Content starts
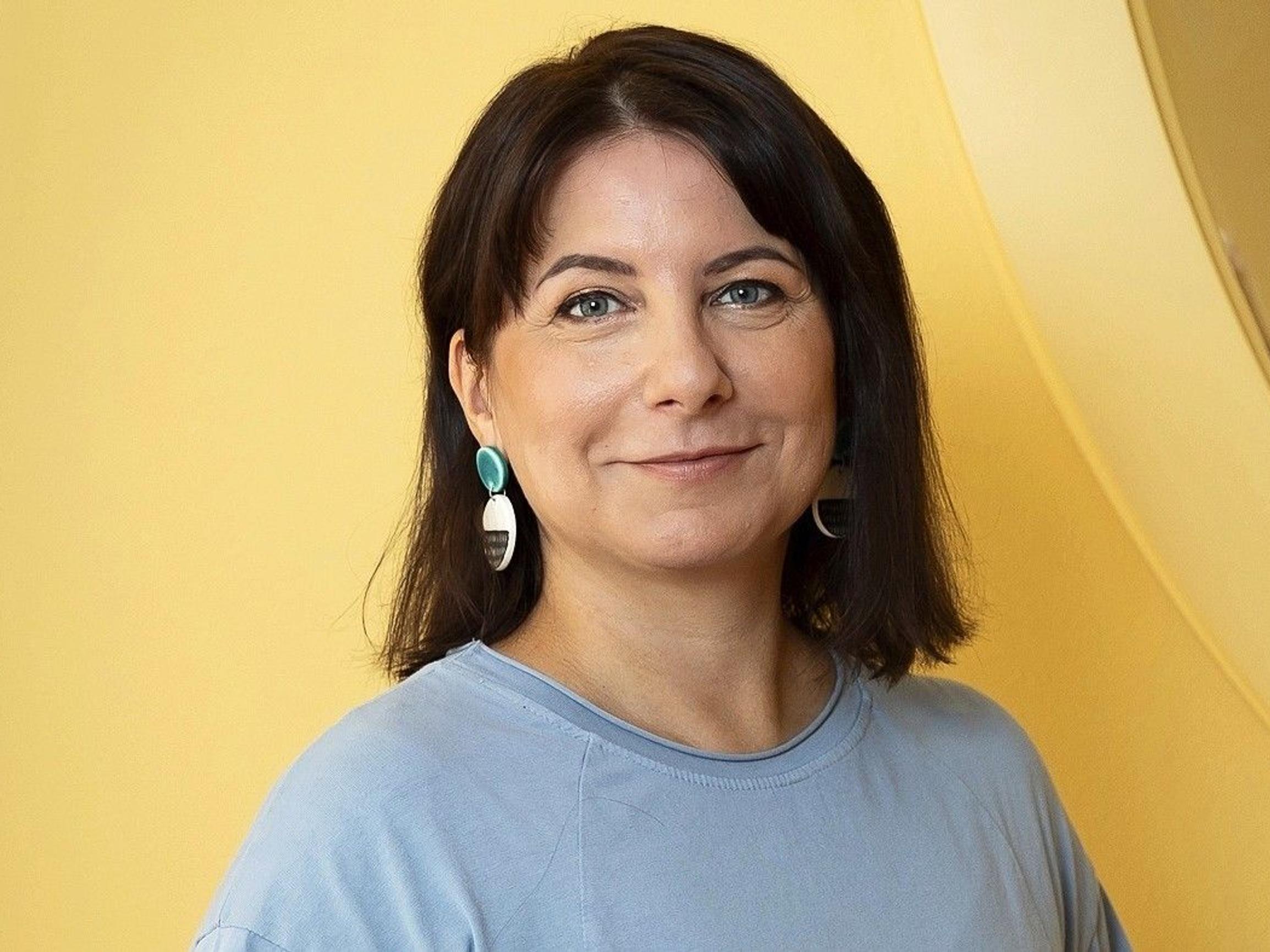 Kirjailija Satu Rasa sai avantouinnista avun kaamosoireisiin: "Ensimmäinen kerta oli keholleni valtava shokki"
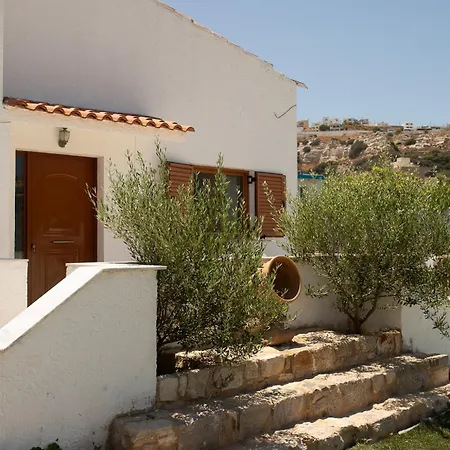 Σπίτι διακοπών Aelia Kefalos-private & Spacious With Pool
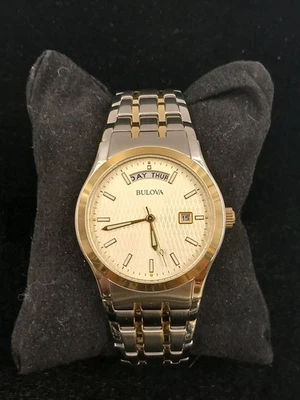 Reloj de pulsera Bulova 98C60 para hombre con indicadores de día/fecha de acero inoxidable Foto 1 de 4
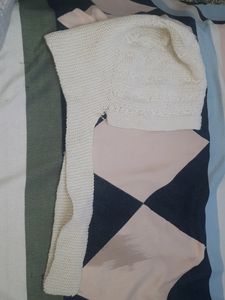 Off-white Woolen Scarf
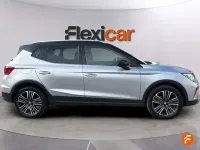 Usado Seat Arona FR 116 CV (85 kW) 2024 Gris SUV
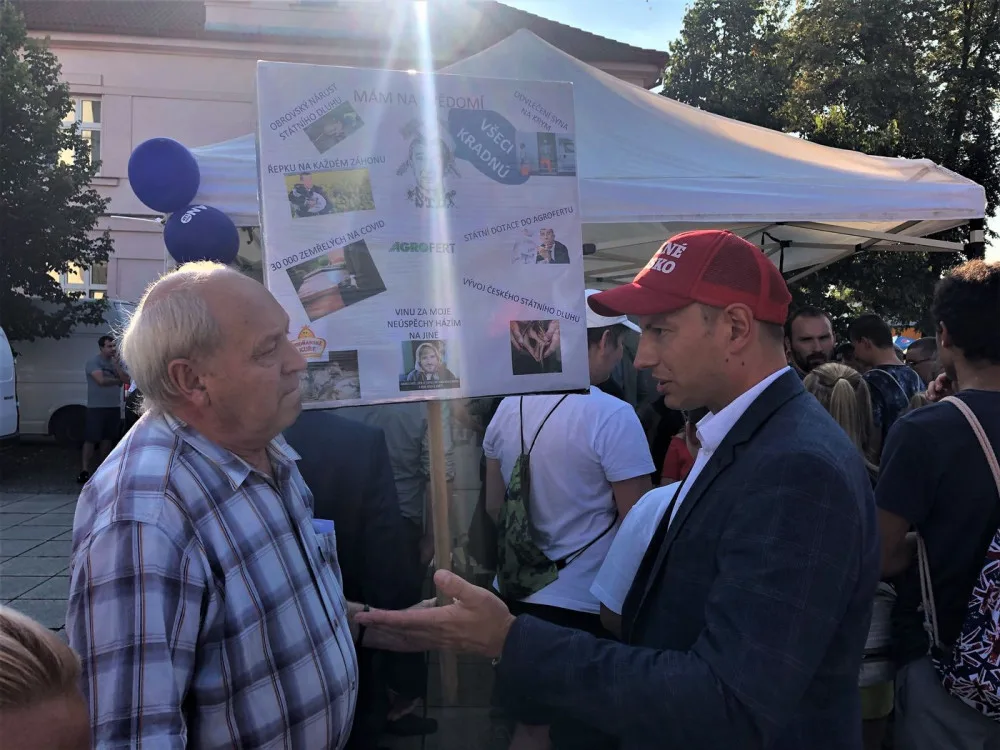 Josef Šlesinger protestoval na 37 akcích proti Andreji Babišovi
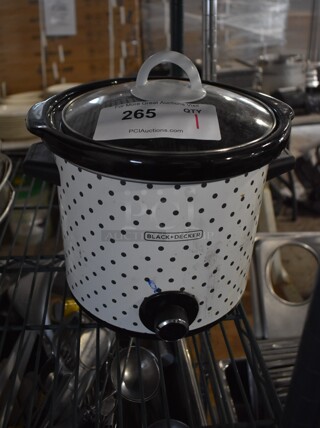 Black & Decker SC1004D Metal Countertop Slow Cooker. 120 Volts, 1 Phase. 11x11x10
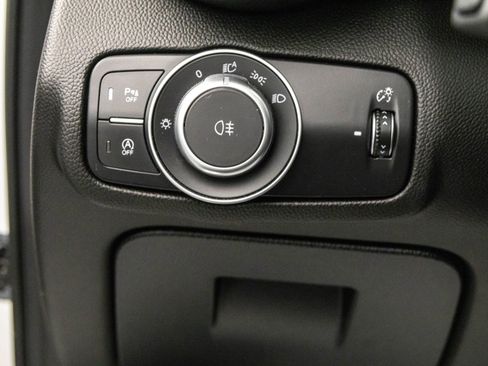 Used 2022 Alfa Romeo Giulia Ti AWD/4WD image 18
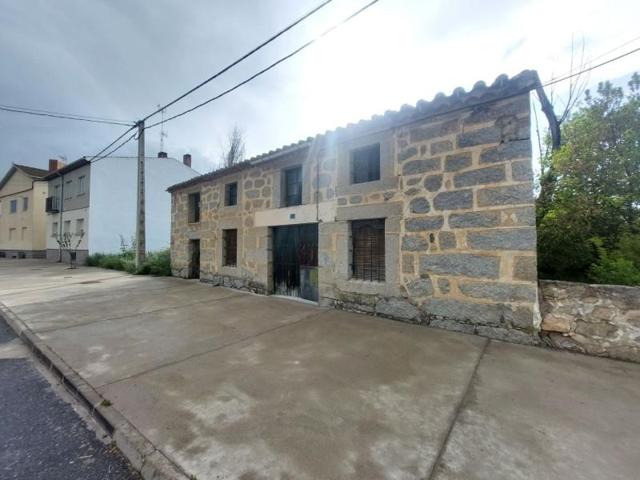 Casa en venta en Muñogalindo, Munogalindo photo 0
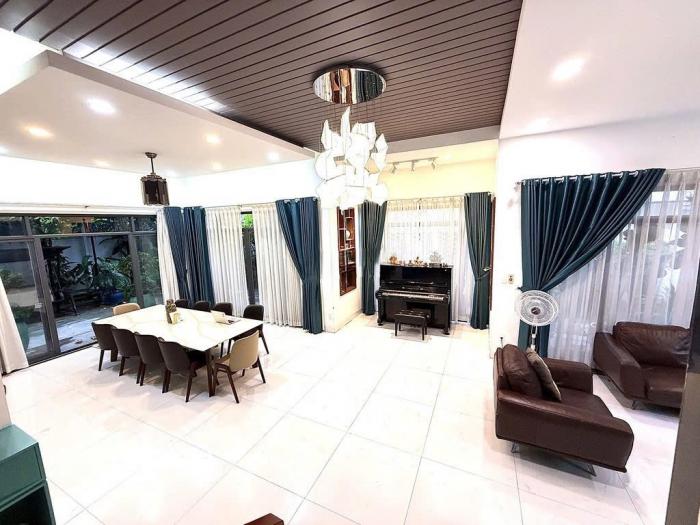 Cho thuê nhà mặt tiền 30 đường số 9 P. Tân Thuận Đông Quận 7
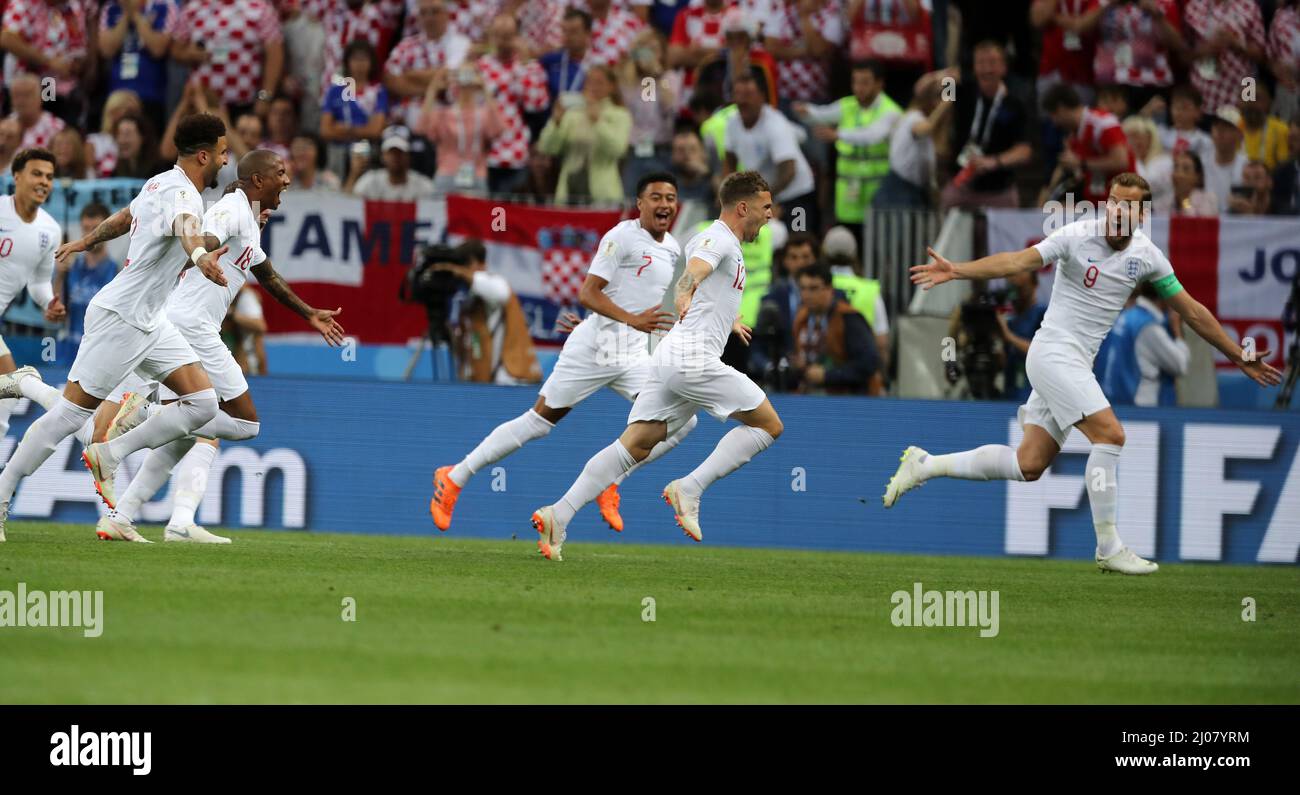 Kieran Trippier of England jubelt Ÿber sein Tor zum 0:1 mit Jesse Lingard  of England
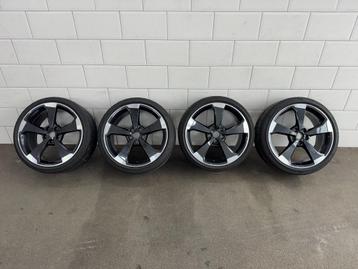 Audi OEM RS3 19 inch zwarte rotors zomerset Pirelli's beschikbaar voor biedingen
Content ends
## [ABOUT THIS EXERCISE]
Find the line containing "Reloj de pulsera" in the listing above. Restate it and every line after it, word for word, through the final line, leaving out the pictures.

## [RESPONSE AREA]
 Reloj de pulsera Bulova 98C60 para hombre con indicadores de día/fecha de acero inoxidable Foto 1 de 4
 Off-white Woolen Scarf
 Usado Seat Arona FR 116 CV (85 kW) 2024 Gris SUV
 Josef Šlesinger protestoval na 37 akcích proti Andreji Babišovi
 Black & Decker SC1004D Metal Countertop Slow Cooker. 120 Volts, 1 Phase. 11x11x10
 Used 2022 Alfa Romeo Giulia Ti AWD/4WD image 18
 Casa en venta en Muñogalindo, Munogalindo photo 0
 Cho thuê nhà mặt tiền 30 đường số 9 P. Tân Thuận Đông Quận 7
 Kieran Trippier of England jubelt Ÿber sein Tor zum 0:1 mit Jesse Lingard  of England
 Audi OEM RS3 19 inch zwarte rotors zomerset Pirelli's beschikbaar voor biedingen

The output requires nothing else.